Deep in the Vatican Library, a mysterious 408-page manuscript had sat unread for over four centuries. Its pages were scrawled with strange symbols—34 different cipher characters mixed with Arabic script—that concealed secret remedies "for affections of the human body." Healing practices hidden this way because they could attract accusations of witchcraft. But now, AI has cracked it open.

The Borg Cipher Breakthrough

The manuscript, known as the Borg cipher, was decoded using machine learning by researchers including Beáta Megyesi, a professor in computational linguistics at Stockholm University. The decrypted text revealed thousands of bizarre treatments: drinking several glasses of high-quality red wine for what ails you, fermenting nutmeg in dough to combat dysentery. "It is like detective work where every symbol, pattern, and partial solution may bring us closer to someone's secrets," Megyesi says.

From Royal Love Letters to Diplomatic Panic

This isn't just about medieval home remedies. Coded documents historians have uncovered include diplomatic intelligence, secret society rituals, love affairs, and political plots that reshape what we know about famous figures. A collection of coded letters written by Mary Queen of Scots during her imprisonment in England revealed her involvement in conspiracies to regain her throne and her tense relationship with her son James VI. Another letter from Charles V—the Holy Roman Emperor and King of Spain—written using 120 different cipher symbols, exposed how one of the most powerful men of his era was paralyzed by fear of assassination plots.

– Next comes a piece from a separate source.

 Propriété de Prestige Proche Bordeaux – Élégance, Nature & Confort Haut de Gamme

The Transcription Bottleneck

Before any code-breaking can begin, researchers must first transform handwritten ciphers into digital documents. Bad handwriting, fading ink, and invented symbols make this painstaking work. Cecile Pierrot, a cryptologist at France's INRIA research institute, estimates it takes about a day to transcribe a two-page letter with unfamiliar symbols. AI tools like Transkribus are starting to accelerate transcription by detecting text blocks, analyzing individual lines character-by-character, and handling 17th-century German script—though manual corrections remain necessary.

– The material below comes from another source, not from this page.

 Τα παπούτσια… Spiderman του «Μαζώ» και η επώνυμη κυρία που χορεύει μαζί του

The Descrypt Project: Building Universal Cipher-Cracking AI

Megyesi is now leading the multinational Descrypt project to develop adaptable AI models that can handle rare scripts, obscure alphabets, and symbolic repertoires. "We are developing more adaptable models trained and tested across a broad range of scripts," she explains. The team recently showed how AI could skip transcription entirely and directly analyze page photos to decipher simple substitution ciphers.

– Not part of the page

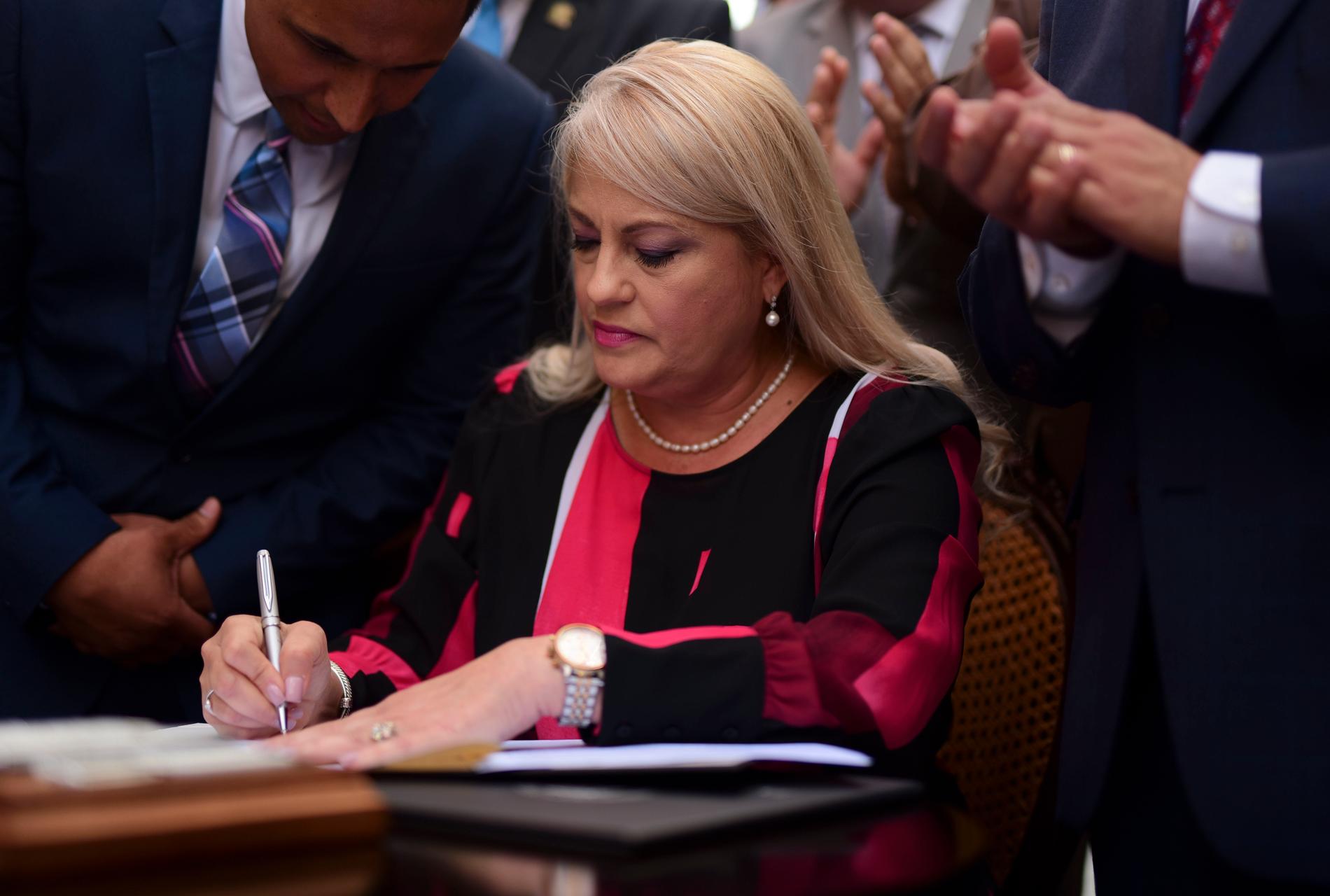 Puerto Ricos guvernör Wanda Vázquez skriver under tuppfäktningslagen.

An AI Chatbot for Dead Languages

The researchers built an AI chatbot that combines decryption algorithms with large language models trained on historical texts from different periods, plus image recognition for handwriting analysis. When tested on the Borg cipher, it decoded a 500-symbol extract in just over 29 minutes and provided an English translation—while documenting why its solution was plausible to prevent hallucinations.

What Remains Uncracked

Some of history's most tantalizing puzzles could fall to these tools: the 4,000-year-old Phaistos Disc from Minoan Crete and Linear B, the early Greek script that sat undeciphered for decades before Michael Ventris cracked it in the 1950s. "What excites me is not only the possibility of solving one specific historical puzzle, but the prospect of creating methods that can assist researchers across many different cases," Megyesi says.

Key Takeaways

  • Around 1% of all material in world archives and libraries is fully or partially encrypted, representing centuries of hidden history
  • Modern ciphers used multiple symbols for single letters (up to eight variants for 'E') plus decoy characters specifically designed to thwart snooping
  • AI transcription tools like Transkribus are reducing what took cryptologists days down to hours, with full decryption pipelines now emerging
  • Researchers have collected 400 mysterious cipher postcards from the late 1800s—early decoded scraps reveal love letters written in German

The Bottom Line

This isn't just academic curiosity. We're watching AI prove it can reconstruct history that powerful people went to extreme lengths to hide. Four hundred years of suppressed medical knowledge, royal conspiracies, and secret society rituals are about to get a thorough audit—and I wouldn't be surprised if a few established historical narratives need serious revision.